Repeating the arguments given above, we find that \(r_n^{**}\) is the least positive root of the equation

\[ \varphi_n^{**}(r)=a^2-(1-a^2)r^2S_n(r)=0. \tag{20_n} \]

Passing in \((15_n)\) and \((20_n)\) to the limit as \(n\to\infty\), we obtain that the least radius of univalence \(R\) of the functions of the class \(H_1^*(a)\) is determined by the equality

\[ R=\min\{r^*,\ r^{**}\}, \]

where \(r^*\) and \(r^{**}\) are, respectively, the least positive roots of the equations

\[ \varphi^*(r)=a^2-2ar+2ar^3-r^4=0 \]

and

\[ \varphi^{**}(r)=a^2-(4-a^2)r^2+3r^4-r^6=0. \]
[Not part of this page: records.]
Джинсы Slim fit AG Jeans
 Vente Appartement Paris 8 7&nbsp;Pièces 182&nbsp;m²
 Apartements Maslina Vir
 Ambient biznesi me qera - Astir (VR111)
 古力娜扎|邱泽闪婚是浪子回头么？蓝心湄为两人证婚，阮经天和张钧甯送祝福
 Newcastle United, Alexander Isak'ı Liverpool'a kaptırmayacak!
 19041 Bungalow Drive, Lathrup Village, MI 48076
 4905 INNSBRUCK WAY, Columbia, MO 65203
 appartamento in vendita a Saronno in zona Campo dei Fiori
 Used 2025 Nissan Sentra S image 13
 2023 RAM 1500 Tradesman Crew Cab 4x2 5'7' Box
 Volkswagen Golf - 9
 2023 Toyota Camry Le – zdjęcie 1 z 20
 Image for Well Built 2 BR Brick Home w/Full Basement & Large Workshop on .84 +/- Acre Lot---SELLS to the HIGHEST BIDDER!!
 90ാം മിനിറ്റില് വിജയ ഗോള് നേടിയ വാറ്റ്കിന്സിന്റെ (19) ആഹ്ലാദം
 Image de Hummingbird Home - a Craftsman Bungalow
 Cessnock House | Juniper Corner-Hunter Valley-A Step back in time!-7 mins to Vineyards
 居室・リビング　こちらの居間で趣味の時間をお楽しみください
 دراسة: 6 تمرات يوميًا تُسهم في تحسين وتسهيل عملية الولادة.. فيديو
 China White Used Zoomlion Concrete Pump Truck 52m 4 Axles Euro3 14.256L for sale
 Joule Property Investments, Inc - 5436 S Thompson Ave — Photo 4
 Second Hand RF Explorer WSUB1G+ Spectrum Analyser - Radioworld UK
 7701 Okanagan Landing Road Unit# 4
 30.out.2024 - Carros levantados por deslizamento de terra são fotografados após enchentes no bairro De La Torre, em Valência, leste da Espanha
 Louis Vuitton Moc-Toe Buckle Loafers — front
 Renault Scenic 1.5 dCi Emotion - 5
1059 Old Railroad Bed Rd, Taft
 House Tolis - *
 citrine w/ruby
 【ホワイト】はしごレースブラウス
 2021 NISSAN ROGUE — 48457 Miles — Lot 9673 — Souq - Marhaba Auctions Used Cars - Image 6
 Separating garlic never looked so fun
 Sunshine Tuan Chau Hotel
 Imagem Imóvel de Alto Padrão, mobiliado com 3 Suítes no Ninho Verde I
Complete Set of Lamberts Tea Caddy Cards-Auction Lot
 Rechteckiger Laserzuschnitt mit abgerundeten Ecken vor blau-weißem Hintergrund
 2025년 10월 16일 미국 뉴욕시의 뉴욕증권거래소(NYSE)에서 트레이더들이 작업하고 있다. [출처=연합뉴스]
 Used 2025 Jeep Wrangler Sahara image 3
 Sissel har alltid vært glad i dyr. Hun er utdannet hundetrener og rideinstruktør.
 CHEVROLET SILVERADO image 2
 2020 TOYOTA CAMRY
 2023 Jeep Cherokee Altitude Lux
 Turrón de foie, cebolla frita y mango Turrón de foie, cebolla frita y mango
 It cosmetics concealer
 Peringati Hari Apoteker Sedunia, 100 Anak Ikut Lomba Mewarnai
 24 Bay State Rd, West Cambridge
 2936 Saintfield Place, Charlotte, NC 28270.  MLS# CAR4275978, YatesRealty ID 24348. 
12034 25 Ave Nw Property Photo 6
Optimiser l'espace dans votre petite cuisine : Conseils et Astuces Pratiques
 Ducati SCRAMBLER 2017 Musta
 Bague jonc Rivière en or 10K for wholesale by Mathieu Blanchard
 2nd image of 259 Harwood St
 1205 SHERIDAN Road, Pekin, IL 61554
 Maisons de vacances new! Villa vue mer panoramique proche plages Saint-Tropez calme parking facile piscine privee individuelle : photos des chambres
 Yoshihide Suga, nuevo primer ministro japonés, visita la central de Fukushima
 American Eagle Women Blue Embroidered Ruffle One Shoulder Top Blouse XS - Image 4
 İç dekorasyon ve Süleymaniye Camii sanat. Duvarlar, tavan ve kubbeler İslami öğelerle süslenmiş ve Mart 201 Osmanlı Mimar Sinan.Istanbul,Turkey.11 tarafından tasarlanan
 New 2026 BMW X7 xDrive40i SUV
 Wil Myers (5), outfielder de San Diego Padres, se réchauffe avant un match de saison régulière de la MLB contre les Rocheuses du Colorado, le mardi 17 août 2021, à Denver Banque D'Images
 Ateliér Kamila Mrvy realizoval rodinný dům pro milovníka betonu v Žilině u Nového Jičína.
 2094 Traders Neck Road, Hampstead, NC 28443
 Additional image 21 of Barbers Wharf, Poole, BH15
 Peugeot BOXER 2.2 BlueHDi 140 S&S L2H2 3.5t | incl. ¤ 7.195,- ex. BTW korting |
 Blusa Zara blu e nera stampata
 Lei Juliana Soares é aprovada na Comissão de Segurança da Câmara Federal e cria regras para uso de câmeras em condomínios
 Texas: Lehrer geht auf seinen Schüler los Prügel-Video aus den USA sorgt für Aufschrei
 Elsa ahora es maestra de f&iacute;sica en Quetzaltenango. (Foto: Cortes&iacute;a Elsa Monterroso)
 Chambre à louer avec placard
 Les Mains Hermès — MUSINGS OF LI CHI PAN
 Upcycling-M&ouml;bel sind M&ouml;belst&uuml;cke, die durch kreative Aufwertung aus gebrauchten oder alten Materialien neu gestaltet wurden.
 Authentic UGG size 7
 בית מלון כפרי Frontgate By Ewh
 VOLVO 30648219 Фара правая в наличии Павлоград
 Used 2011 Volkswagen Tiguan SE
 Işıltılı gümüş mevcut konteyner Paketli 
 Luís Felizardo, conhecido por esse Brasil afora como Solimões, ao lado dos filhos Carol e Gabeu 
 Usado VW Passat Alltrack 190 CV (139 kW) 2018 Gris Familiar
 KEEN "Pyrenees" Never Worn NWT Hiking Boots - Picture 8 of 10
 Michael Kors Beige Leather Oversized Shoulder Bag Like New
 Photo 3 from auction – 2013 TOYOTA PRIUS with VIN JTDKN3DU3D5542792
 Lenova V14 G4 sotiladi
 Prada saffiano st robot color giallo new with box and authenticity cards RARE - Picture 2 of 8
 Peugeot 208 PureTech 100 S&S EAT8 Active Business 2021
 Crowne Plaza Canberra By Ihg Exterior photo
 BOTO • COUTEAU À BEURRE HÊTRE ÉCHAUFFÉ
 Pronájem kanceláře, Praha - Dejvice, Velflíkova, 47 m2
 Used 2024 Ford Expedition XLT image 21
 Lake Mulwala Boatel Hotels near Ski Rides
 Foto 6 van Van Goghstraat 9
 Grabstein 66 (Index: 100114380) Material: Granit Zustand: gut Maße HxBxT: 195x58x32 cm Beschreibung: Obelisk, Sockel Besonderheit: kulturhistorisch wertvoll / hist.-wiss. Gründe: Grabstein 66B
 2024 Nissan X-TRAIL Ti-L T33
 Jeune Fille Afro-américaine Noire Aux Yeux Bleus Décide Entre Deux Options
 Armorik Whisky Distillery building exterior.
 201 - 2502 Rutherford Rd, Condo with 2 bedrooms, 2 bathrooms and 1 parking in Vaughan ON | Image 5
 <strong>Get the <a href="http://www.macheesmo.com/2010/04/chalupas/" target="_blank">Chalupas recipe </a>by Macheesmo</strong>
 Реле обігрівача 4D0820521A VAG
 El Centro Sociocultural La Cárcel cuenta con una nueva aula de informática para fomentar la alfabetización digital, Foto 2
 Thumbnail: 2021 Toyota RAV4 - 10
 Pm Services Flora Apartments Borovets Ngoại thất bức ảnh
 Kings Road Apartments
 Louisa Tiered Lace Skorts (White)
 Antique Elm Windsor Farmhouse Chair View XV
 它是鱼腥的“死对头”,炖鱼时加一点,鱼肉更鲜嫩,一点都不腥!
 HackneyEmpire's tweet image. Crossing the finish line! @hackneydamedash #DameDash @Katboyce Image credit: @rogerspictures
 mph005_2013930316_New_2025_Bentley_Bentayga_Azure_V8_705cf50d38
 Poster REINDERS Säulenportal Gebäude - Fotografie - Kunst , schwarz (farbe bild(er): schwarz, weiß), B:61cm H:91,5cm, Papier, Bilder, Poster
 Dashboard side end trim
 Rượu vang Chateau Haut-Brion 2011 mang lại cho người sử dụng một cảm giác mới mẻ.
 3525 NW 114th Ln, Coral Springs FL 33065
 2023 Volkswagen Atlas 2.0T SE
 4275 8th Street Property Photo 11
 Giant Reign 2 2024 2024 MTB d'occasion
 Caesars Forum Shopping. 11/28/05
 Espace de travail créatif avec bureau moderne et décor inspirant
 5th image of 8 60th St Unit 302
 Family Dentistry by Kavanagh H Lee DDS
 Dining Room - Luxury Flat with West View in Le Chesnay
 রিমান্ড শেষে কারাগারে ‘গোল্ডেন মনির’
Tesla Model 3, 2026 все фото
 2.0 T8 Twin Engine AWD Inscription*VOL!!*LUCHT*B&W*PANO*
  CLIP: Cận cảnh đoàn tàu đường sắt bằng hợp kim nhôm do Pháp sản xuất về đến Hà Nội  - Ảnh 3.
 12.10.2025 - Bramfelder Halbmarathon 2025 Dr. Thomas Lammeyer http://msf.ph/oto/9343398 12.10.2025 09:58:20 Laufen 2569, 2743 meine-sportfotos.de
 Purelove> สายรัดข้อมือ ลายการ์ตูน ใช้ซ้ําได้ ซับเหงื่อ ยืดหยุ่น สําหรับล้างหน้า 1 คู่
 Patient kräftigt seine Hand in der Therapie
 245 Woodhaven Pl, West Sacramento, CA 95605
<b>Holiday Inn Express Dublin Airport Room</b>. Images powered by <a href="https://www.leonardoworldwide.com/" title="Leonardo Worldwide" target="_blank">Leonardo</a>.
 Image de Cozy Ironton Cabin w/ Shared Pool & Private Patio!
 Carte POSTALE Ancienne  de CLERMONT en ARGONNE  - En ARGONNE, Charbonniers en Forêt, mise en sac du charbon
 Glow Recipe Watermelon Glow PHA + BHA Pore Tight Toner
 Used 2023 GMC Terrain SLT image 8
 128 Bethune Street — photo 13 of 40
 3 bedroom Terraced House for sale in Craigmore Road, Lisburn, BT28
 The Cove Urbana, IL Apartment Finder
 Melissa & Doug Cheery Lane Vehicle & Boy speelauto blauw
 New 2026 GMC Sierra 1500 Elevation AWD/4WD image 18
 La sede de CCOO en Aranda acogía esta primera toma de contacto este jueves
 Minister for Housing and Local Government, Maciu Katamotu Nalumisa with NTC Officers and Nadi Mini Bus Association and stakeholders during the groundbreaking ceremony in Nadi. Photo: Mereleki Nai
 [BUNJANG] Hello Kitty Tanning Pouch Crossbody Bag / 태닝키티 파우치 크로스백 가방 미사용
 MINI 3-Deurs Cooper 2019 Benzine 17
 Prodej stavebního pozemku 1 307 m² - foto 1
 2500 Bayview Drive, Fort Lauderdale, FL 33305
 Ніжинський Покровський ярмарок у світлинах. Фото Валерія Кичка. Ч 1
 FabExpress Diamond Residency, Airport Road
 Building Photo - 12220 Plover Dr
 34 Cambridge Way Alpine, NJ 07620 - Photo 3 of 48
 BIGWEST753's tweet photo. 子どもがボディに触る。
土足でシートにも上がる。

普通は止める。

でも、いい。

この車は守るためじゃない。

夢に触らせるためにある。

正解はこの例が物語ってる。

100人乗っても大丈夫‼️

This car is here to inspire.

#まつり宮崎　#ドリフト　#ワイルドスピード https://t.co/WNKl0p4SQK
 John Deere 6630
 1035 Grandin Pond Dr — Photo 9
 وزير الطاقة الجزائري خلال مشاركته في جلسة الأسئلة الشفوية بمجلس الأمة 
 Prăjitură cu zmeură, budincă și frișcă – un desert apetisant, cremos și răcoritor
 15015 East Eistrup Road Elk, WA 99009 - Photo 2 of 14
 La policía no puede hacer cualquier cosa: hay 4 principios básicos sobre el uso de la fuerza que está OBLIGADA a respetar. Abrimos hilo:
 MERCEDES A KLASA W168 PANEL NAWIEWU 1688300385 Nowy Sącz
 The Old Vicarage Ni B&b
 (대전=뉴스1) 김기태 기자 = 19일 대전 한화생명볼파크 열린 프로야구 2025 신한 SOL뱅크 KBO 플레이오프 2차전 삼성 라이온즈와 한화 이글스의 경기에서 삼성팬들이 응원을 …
If \(R=r^*\), then the extremal function is

\[ f^*(z)= \frac{e^{2i\alpha_0}}{2r^*(a-ar^{*2}+r^{*3})} \left[ \frac{ar^*-(a+r^*)e^{i\alpha}z+r^{*2}e^{2i\alpha}z^2} {1-r^*e^{i\alpha}z} \right]^2, \]

where \(\alpha_0\) and \(\alpha\) are arbitrary real numbers. If \(R=r^{**}\), then the extremal function is

\[ f^{**}(z)= \frac{1}{2r^{**2}(4-3r^{**2}+r^{**4})} \left[ a(1+r^{**2})e^{i\alpha_0}+ e^{i\alpha_1} \frac{ r^{**2}(4-3r^{**2}+r^{**4})z -2(1+r^{**2})r^{**}e^{i\alpha}z^2 +(1+r^{**2})r^{**2}e^{2i\alpha}z^3 } {(1-r^{**}e^{i\alpha}z)^2} \right]^2, \]

where \(\alpha_0\), \(\alpha_1\), and \(\alpha\) are arbitrary real numbers. The indicated functions have zeros of the derivatives on \(|z|=r^*\) and \(|z|=r^{**}\), respectively.

In conclusion I take this opportunity to thank N. A. Lebedev for his help in writing this paper.

Leningrad Branch
of the V. A. Steklov Mathematical Institute
Academy of Sciences of the USSR

Received
20 VI 1957

REFERENCES

1. G. M. Goluzin, Proceedings of the V. A. Steklov Mathematical Institute, Academy of Sciences of the USSR, 18 (1946).